Copy out the entire listing below exactly, but without its pictures.

[Material provided Boundary: Start]

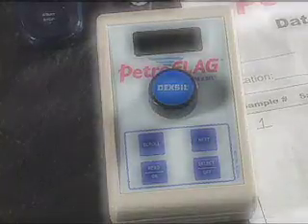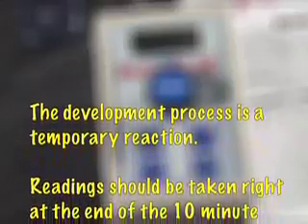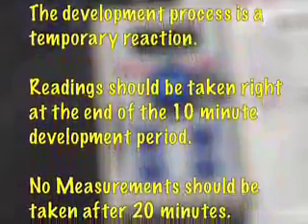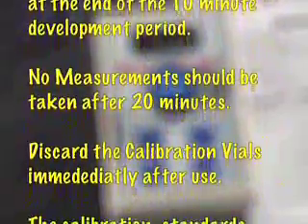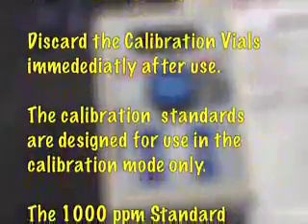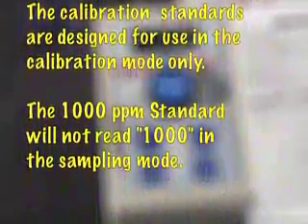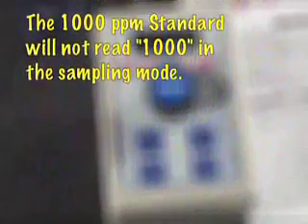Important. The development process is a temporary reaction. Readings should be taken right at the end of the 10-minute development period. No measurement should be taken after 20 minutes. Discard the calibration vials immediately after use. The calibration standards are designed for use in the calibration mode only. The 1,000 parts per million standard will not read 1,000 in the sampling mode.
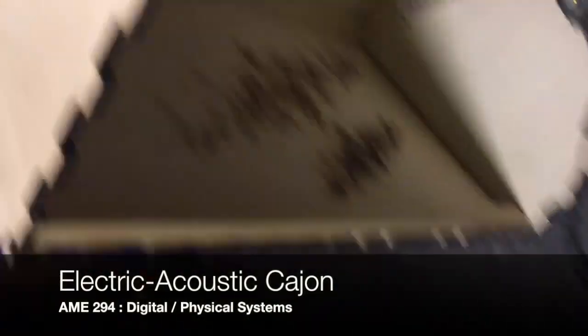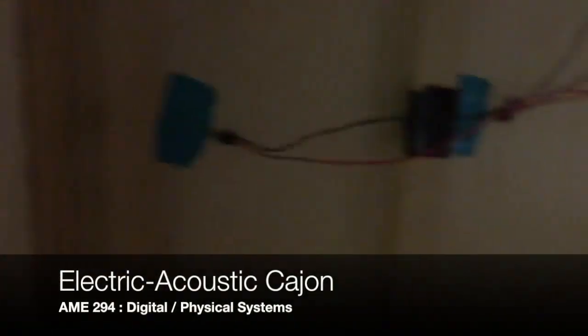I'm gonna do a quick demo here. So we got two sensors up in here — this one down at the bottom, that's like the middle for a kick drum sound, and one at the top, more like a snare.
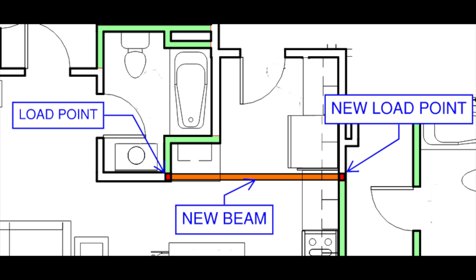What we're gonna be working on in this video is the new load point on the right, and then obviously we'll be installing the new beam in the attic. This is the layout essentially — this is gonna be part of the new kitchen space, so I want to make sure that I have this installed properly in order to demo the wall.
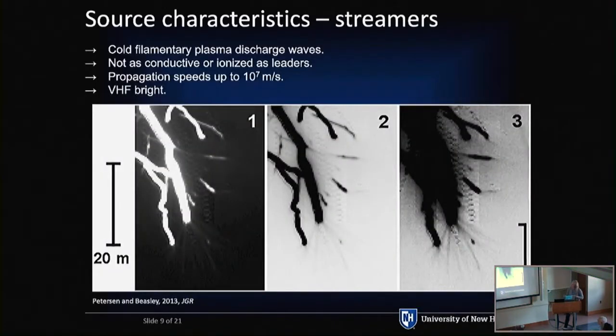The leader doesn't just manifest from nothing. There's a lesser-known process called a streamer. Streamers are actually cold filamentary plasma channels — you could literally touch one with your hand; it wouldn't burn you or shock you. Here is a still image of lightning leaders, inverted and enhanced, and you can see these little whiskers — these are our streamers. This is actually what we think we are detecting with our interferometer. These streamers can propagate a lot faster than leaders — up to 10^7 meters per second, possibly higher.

[Material provided Boundary: End]

## Response to the exercise
Important. The development process is a temporary reaction. Readings should be taken right at the end of the 10-minute development period. No measurement should be taken after 20 minutes. Discard the calibration vials immediately after use. The calibration standards are designed for use in the calibration mode only. The 1,000 parts per million standard will not read 1,000 in the sampling mode.
I'm gonna do a quick demo here. So we got two sensors up in here — this one down at the bottom, that's like the middle for a kick drum sound, and one at the top, more like a snare.
What we're gonna be working on in this video is the new load point on the right, and then obviously we'll be installing the new beam in the attic. This is the layout essentially — this is gonna be part of the new kitchen space, so I want to make sure that I have this installed properly in order to demo the wall.
The leader doesn't just manifest from nothing. There's a lesser-known process called a streamer. Streamers are actually cold filamentary plasma channels — you could literally touch one with your hand; it wouldn't burn you or shock you. Here is a still image of lightning leaders, inverted and enhanced, and you can see these little whiskers — these are our streamers. This is actually what we think we are detecting with our interferometer. These streamers can propagate a lot faster than leaders — up to 10^7 meters per second, possibly higher.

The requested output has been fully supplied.